Possibly his greatest work, Human Action, which appeared in English in 1949, enlarged from an earlier German edition which first appeared in 1940. This marvellous book is not only a treatise on economics, but a full exposition of the working of society under conditions of freedom. Mises describes the science of economics as an integral part of the entire field of knowledge, and further more, he demonstrated that the science of economics deals with the conscious purposeful action of human beings. The impact of Human Action on contemporary economics is yet to be realised, but it is clear that if the international market system, as it has developed over the last 200 years is to survive, the ideas of Mises must be understood.

Other great books of Mises are numerous.
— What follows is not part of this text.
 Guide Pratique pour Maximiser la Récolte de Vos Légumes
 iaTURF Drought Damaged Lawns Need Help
Of note are: Omnipotent Government, where we read of the struggle of free nations against Hitler’s National Socialism; Bureaucracy, where the analysis of bureaucratic versus profit management has never been clearer; Theory and History, possibly his favourite book, which examines the differences between economic theory on the one hand, and that of history on the other. The Anticapitalist Mentality and Planning for Freedom, being two others.

Inherent in all of Mises’s works is the thesis that it is ideas that make history and not history that makes ideas. Policies that arise from bad ideas, faulty logic, and fake interpretation, can only lead to undesirable and serious consequences — certainly far from their original aim. He was a constant critic of government intervention and his vast knowledge enabled him to predict the consequences of some particular government encroachment in the economy, notably so in the area of government manipulated money and credit.
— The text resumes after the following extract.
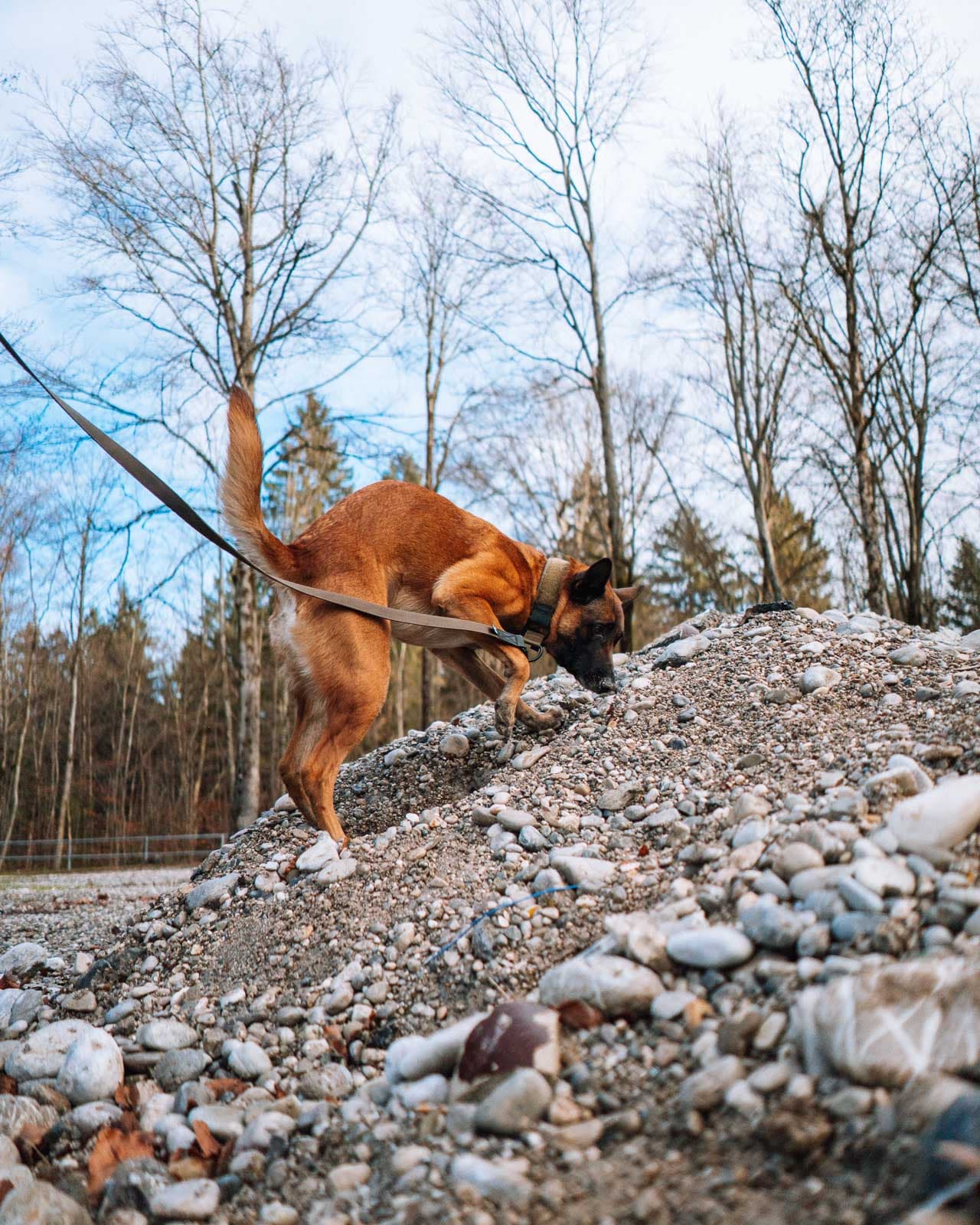 Solid leash WD lifestyle 1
Though he was unable to attain a professorial chair at any American university, he became Visiting Professor at the Graduate School of Business Administration of New York University in 1945, a post he held until 1969. He was also an honorary staff member of the Foundation for Economic Education.

As a teacher, he generated warm enthusiasm among his students. His lectures and seminars could last for hours, his students listening enthralled as his breadth and wide-reading came forth, tackling so thoroughly the many problems of the world. In New York, his seminars, his Coffee Klatches (after the seminars) and the Mises Dinner Circle were always well-attended. His evening often sparkled with humour. When one student could not believe that he heard Mises correctly when he said that government should always refrain from interfering with the market processes, he asked Mises if he meant that the government should do nothing when there was a depression. Mises replied: “I mean that the government should start to do nothing much earlier.” So precise.
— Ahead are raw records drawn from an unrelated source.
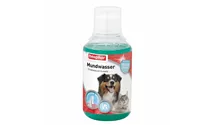 Mundwasser mit Menthol 250ml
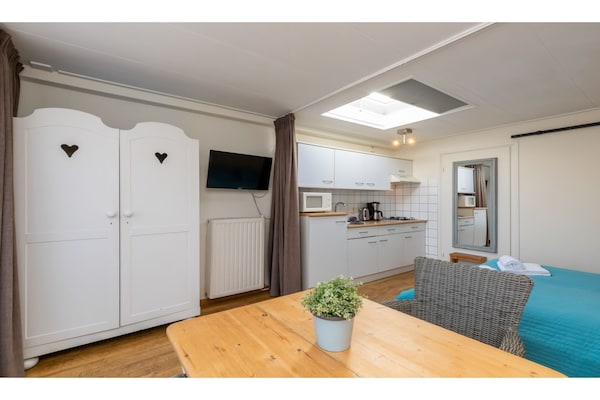 Studio aan zee in Westkapelle: knus, huisdiervriendelijk en 150m van strand - thumbnail 6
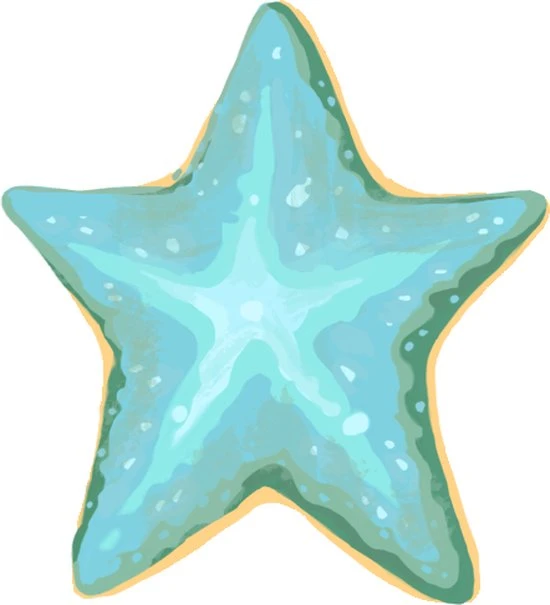 Plan B Games Maui - Bordspel - Nederlandstalig - Afbeelding 13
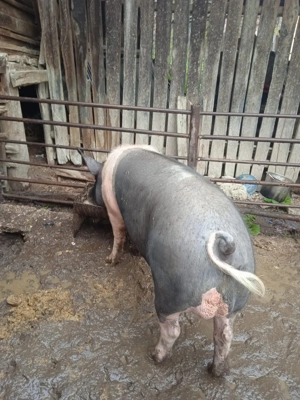 Vier pietrean pentru monta 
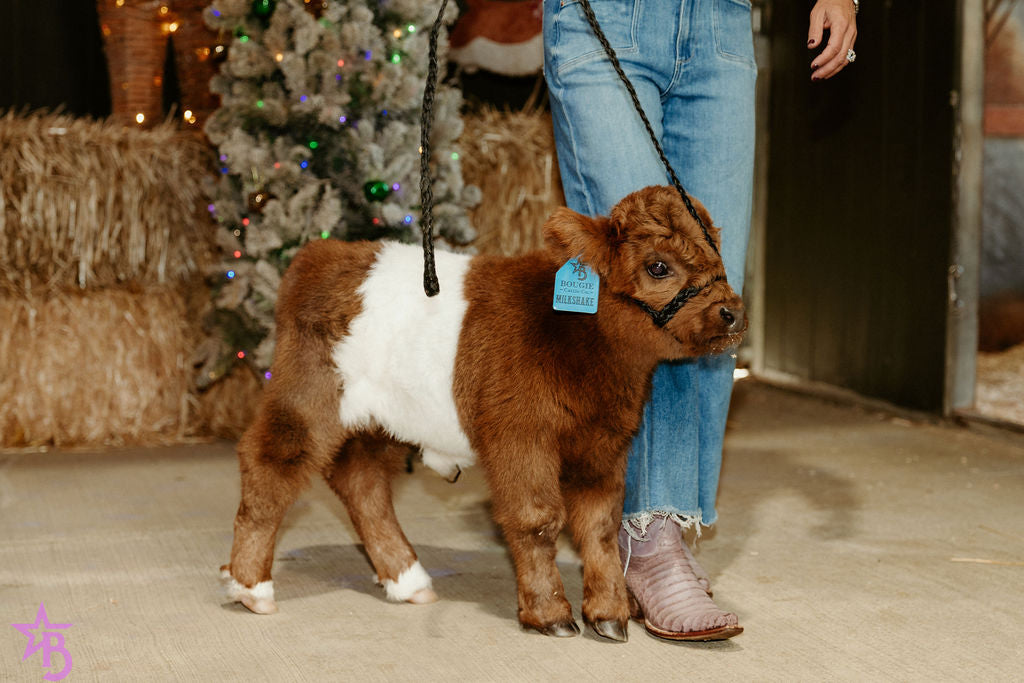 MilkShake Micro/ Mini Bull  Silver Splendor & Roxy $35,000.00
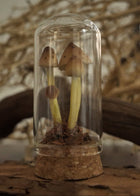 Large Glass Dome Mushroom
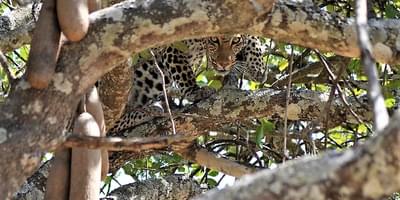 Chada Katavi Leopard In Tree  - Craig Kaufman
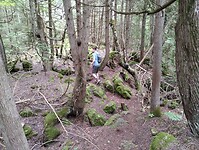 IMG_20240816_104904652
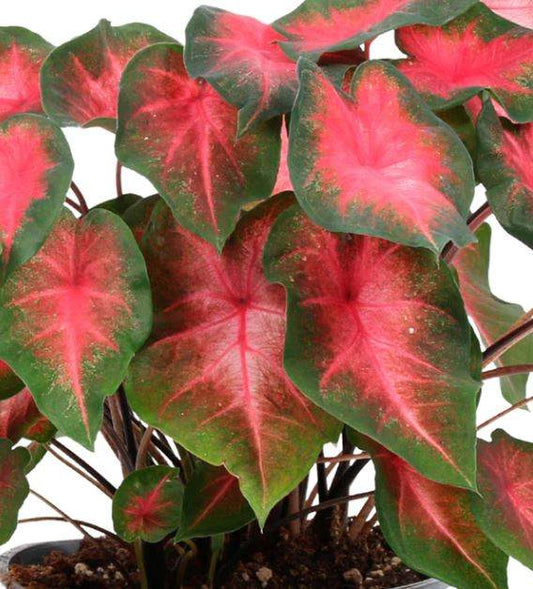 'Sunset Pink' Caladium – Warm Salmon Elegance (2 Bulbs) - Blue Buddha Farm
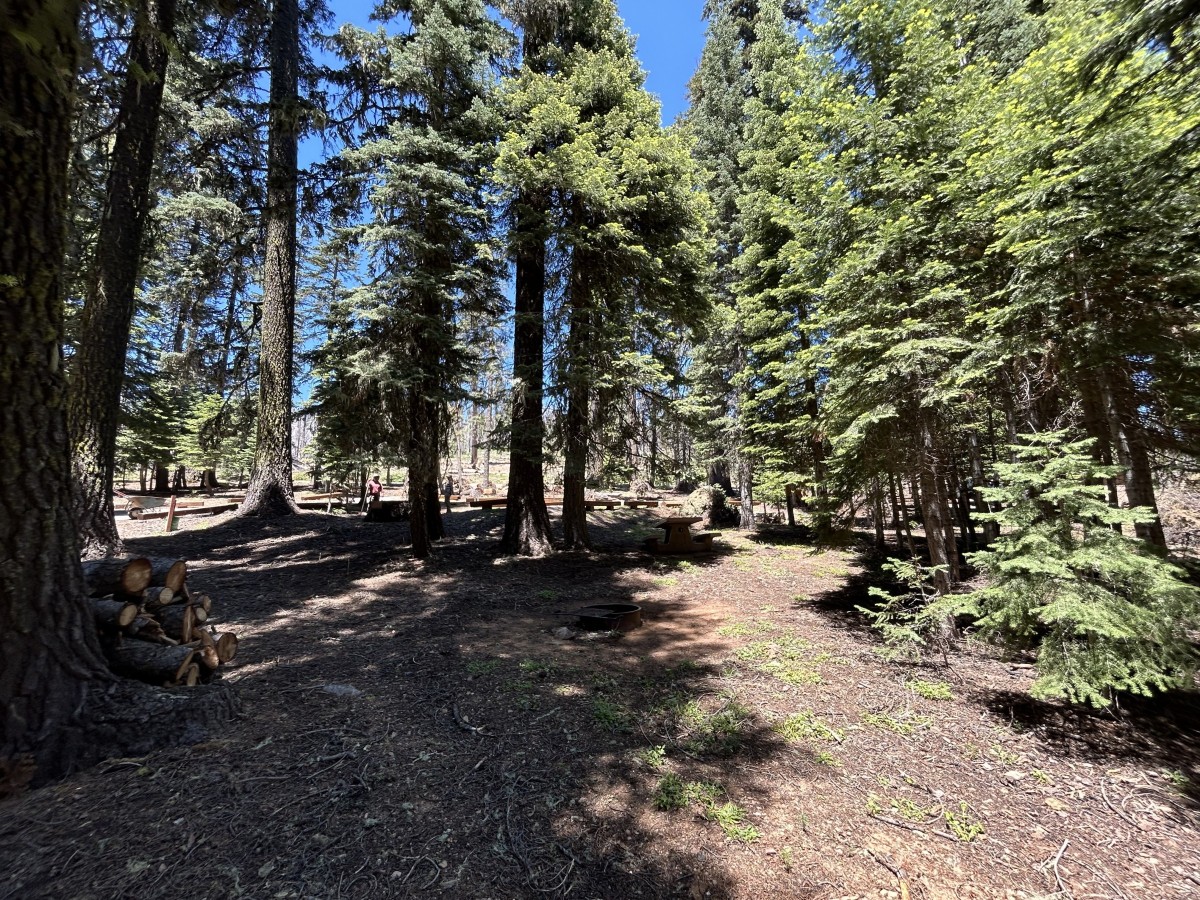 Mendocino National Forest | Plaskett Meadows Campground reopens June 27 ...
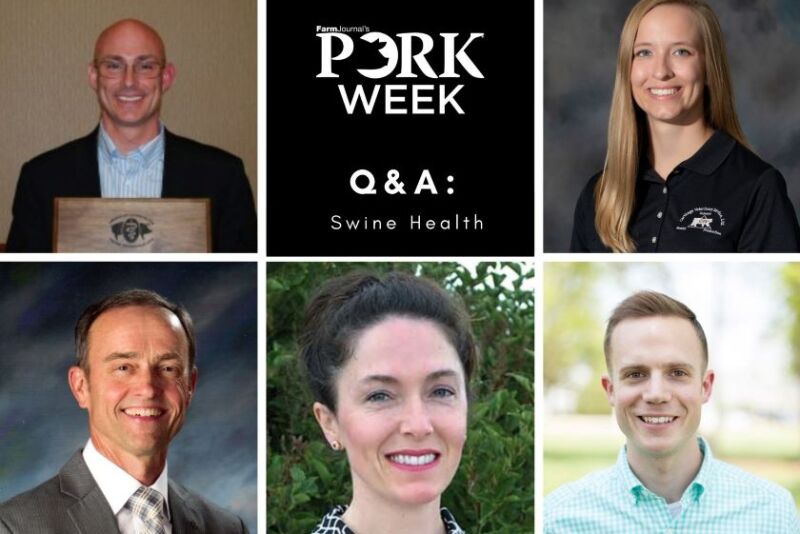 Veterinarians PORK Week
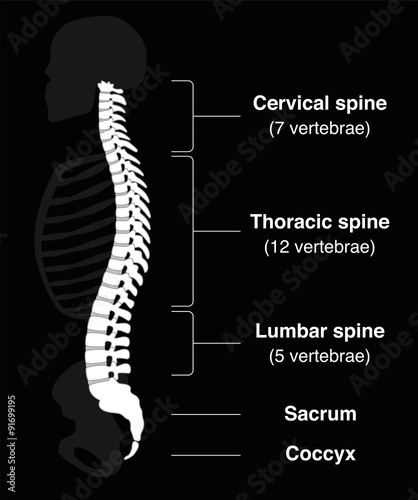 Human backbone with names of the spine sections and numbers of the vertebras. Isolated vector illustration on black background.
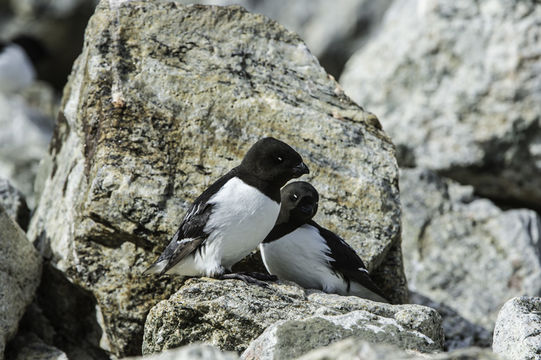 Image of Little Auk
Even after he retired from teaching in his 88th year, he continued to accept a limited number of speaking engagements into his 90th year. His last great speech, which fortunately has been preserved on tape, was given on May 2, 1970. He spoke on “Socialism and the Free Market.”

We have learned far more from Mises than economics. He was a model of scholarship, a giant of erudition and steadfastness. Truly one of the great teachers of all time.

We would be well-employed to assist in making known the work of this great libertarian.